Methodology how we score #
**What this measures** This factor checks whether the protocol derives pricing from the `balanceOf` of LP tokens held in a contract — a pattern that is manipulable by direct token transfer ("donation") without going through the protocol's normal deposit path. Source inspection identifies whether price calculations depend on `balanceOf` rather than internal accounting state.
**Why it matters** Using `balanceOf` for pricing creates a donation-manipulable oracle: any attacker who can transfer tokens directly to the contract (bypassing `deposit()`) can artificially inflate the apparent value of LP shares. The Cashio hack ($48M, 2022) is the definitive case: the CASH stablecoin's LP token collateral validation never checked the `.mint` field of the SPL token, allowing an attacker to create fake collateral. bEarnFi ($18M, 2021) suffered a multi-layer vault accounting failure where token denomination consistency was broken by a similar balance-manipulation path. ERC-4626 share-inflation attacks (Silo Finance variant) use an analogous mechanism. Protocols that use `balanceOf` for pricing without canonical reserve tracking are structurally vulnerable.

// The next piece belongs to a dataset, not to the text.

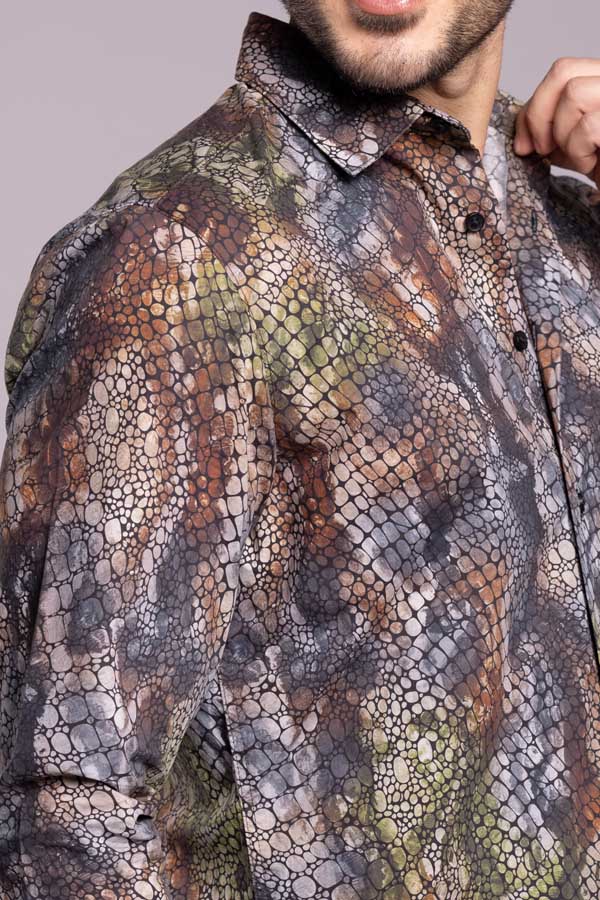 Multi Color Full Sleeves Printed Shirt - Image 6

**Green / Yellow / Red** Green is scored when pricing is derived from internal accounting state (tracked reserves, virtual shares) rather than live `balanceOf` calls. Yellow is scored when `balanceOf` is used but mediated through a time-delayed or TWAP-based calculation that reduces instant manipulation risk. Red is scored when the protocol derives collateral or exchange-rate pricing directly from `balanceOf` of an LP or vault token with no additional protection.
**Common gray cases** Gray is applied when the pricing mechanism is implemented in an upgradeable module and the current deployed logic cannot be confirmed through source inspection alone.
**Notable historical examples** - **Cashio** ($48M, 2022): LP token collateral validation relied on balance fields; the `.mint` field was never validated, enabling fake collateral creation. - **bEarnFi** ($18M, 2021): Multi-layer vault strategy used cross-token balance accounting that was manipulated via token denomination mismatch.
Measurement what to look for #
Determine whether protocol pricing is derived from the `balanceOf` of LP tokens in a contract (manipulable by direct token transfer / donation).